Afghanistan, where life is a cruel race with death. On Wednesday an ISIS suicide bomber walked into an education centre for the national university entrance exam and detonated his bomb belt killing over 40 students in their teens and early 20s. This attack came amid an accelerating spate of violence following the four-day siege of the Ghazni province which resulted in the death of hundreds of civilians and Afghan armed forces. Over 10,000 civilians were killed or injured only in 2017, hundreds of whom were killed in the capital, Kabul. Afghans live in a state of perpetual mourning young lives , dreams that are crushed and smiles that perished forever, with a question lingering in the back of our minds, “Who should we mourn first, yesterday’s victims, today’s or tomorrow’s?”. Yet these people maintain their resilience and strive for a better future while there is no clear end to the war in sight.
Afghans know that a sustainable peace process in Afghanistan depends on overcoming not just one but many formidable hurdles, including the Taliban and the so-called ISIS-Khorasan Province; and the perpetual direct and indirect interference of neighbouring and regional countries: Iran’s subversion, Pakistan and India’s conflict; the US, Russia and China’s influence and ambitions in the region and the list can go on. For now the prospects of peace in Afghanistan remain grim, it has been for the past 40 years and the war is unlikely to abate anytime soon.

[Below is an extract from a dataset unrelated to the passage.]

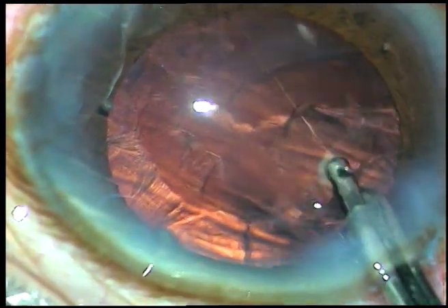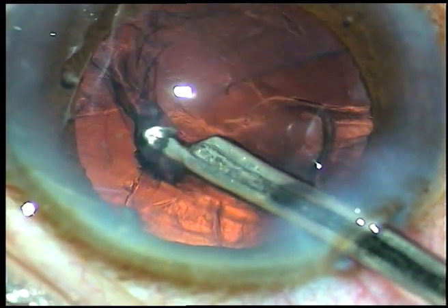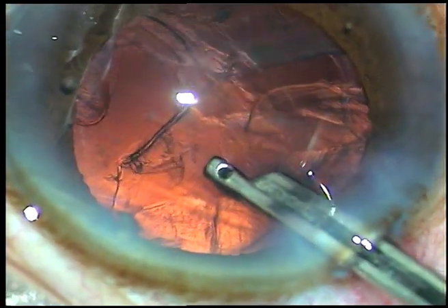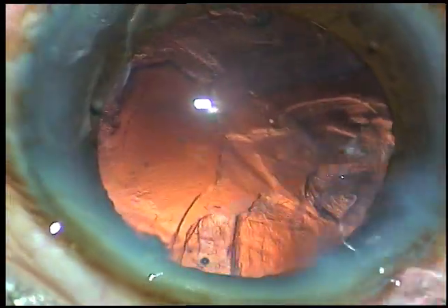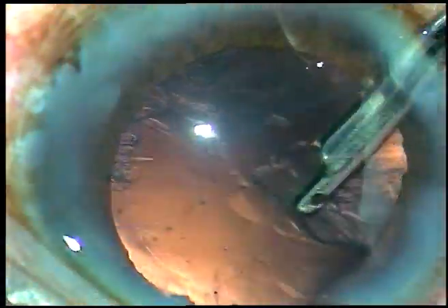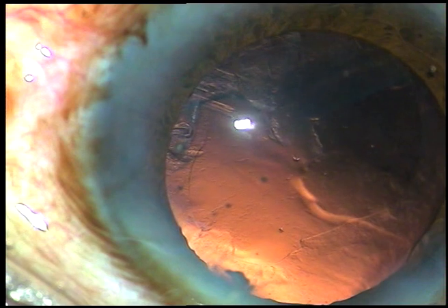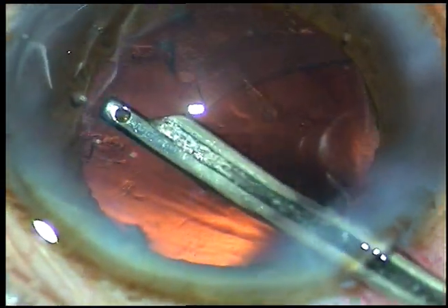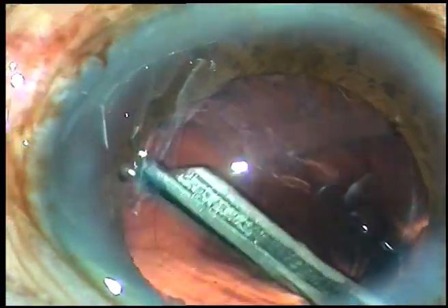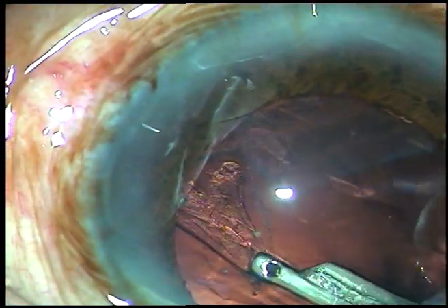Since there is a CTR, we have to be patient. It takes longer time than usual when there is a CTR, and we have to hold the cortex very nicely and then pull it. Since the CTR is supporting the bag, there is no fear of zonular dialysis at this moment. Now I am removing the cortex from 3 o'clock and 4 o'clock.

However, in the face of it all, the honour and resilience of the Afghan people requires wide acknowledgement and is a source of inspiration. While students are constantly held in the crossfire of war; and extremist groups threaten to wipe out the future of a generation of millions of children; many families still prioritize education. According to the War Child, education helps families in stressful war circumstances give their children a “sense of normality and improves the prospects of recovery and longer-term wellbeing.” In recent years many Afghan youths have been actively participating in book clubs, academic conferences, social discourses and have created an open culture of criticism and free expression within their communities and on social media. However, this has come at a price of losing lives and loved ones.
In the aftermath of the attack on the education centre, as usual reactions of sorrow, anger and call for justice poured in the social media by Afghans all over the world. Photographs of the scene were widely circulated on the social media, depicting the rubble, the bloodied floor, tattered notebooks and textbooks, shattered windows, broken desks and chairs, and body parts. These photographs accompanied mournful statements and a call of solidarity and encouragement for the youth to continue education. In the obituary of one of the victims, Madina Lali, the family wrote, “No one can derail us from our pursuit of education. If you martyr one of our students, we extend a hand to 5 more and enter schools and universities. Once more we will rise from blood and ashes and will salute wisdom and knowledge. No one can eliminate us.”
Moreover, stabilization of a fragile state like Afghanistan also requires a comprehensive approach to ensure justice. It is not enough to respond to the Taliban and the ISIS who are implicated in the killings of thousands of civilians, just by military action. They always rise again and in more numbers than before. In order to kill the concept and ideology of these terrorist groups; their brutality and corruption need to be exposed and brought to justice.
Since November 2017 till January 2018, thousands of Afghans civilians and journalists have filed complaints with the International Criminal Court of Justice (ICC) against the extremist groupssuch as the Taliban, the Afghan National Security Forces, and the U.S.-led forces. The ICC prosecutor, Fatou Bensouda says there is a “reasonable basis to believe” that war crimes and crimes against humanity in Afghanistan have been committed by all sides and asked for authorization from a pre-trial chamber of judges to fully investigate. The people behind these atrocities need to face their crimes in the court of justice and not be given impunity in the course of any peace negotiations.
Afghans are in perpetual mourning of the daily loss of lives. We start our days with a dose of news of yesterday’s casualties of war and end our nights counting today’s casualties; all the time wondering which friend or family was among them. And yet we have maintained our resilience and strive for better tomorrows even though there is no end in sight for the current war. “We will rise from blood and ashes and salute wisdom and knowledge.”